::: Exercise data :::

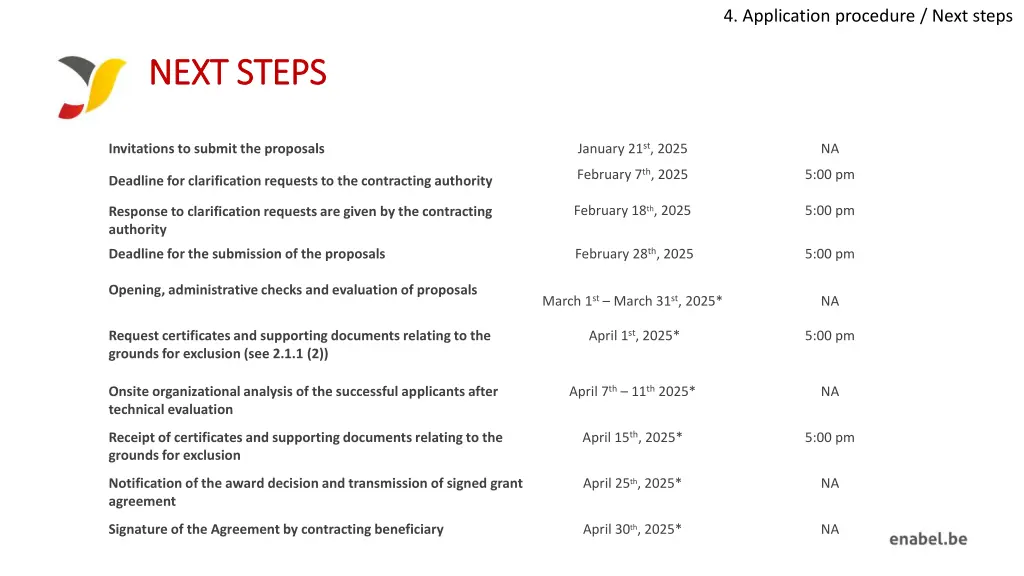4 application procedure next steps 5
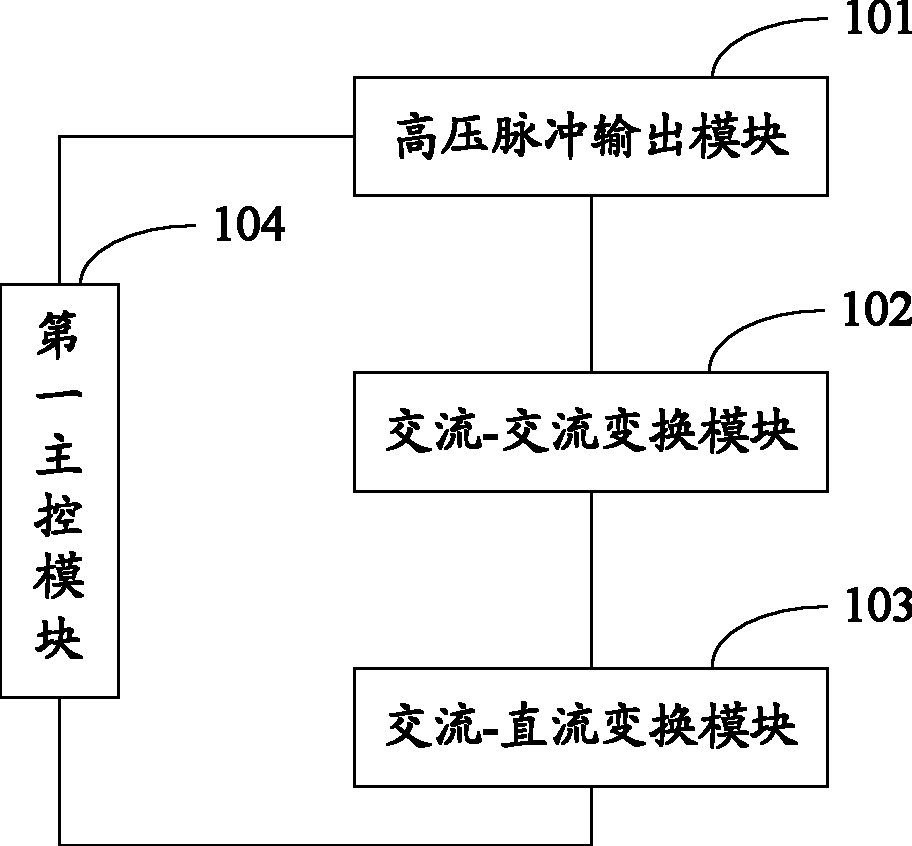 一种高压直流充电机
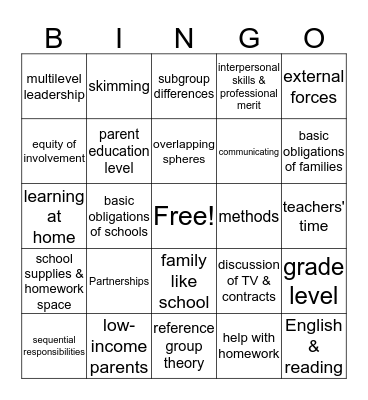 Family, School, Community Relationships Pt.1 Bingo Card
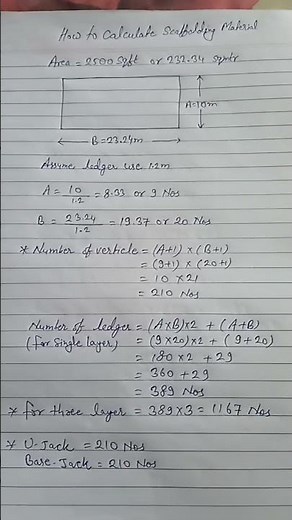 How to calculate scaffolding material
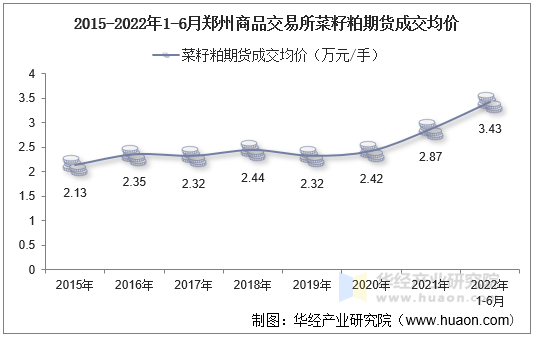 2015-2022年1-6月郑州商品交易所菜籽粕期货成交均价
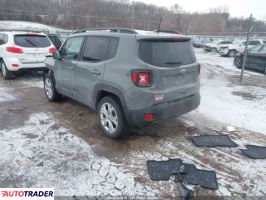 Jeep Renegade 2022 1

:::

- **Work item**
Above are the records; copy every one of them exactly and omit the images.

- **Final answer**
4 application procedure next steps 5
 一种高压直流充电机
 Family, School, Community Relationships Pt.1 Bingo Card
 How to calculate scaffolding material
 2015-2022年1-6月郑州商品交易所菜籽粕期货成交均价
 Jeep Renegade 2022 1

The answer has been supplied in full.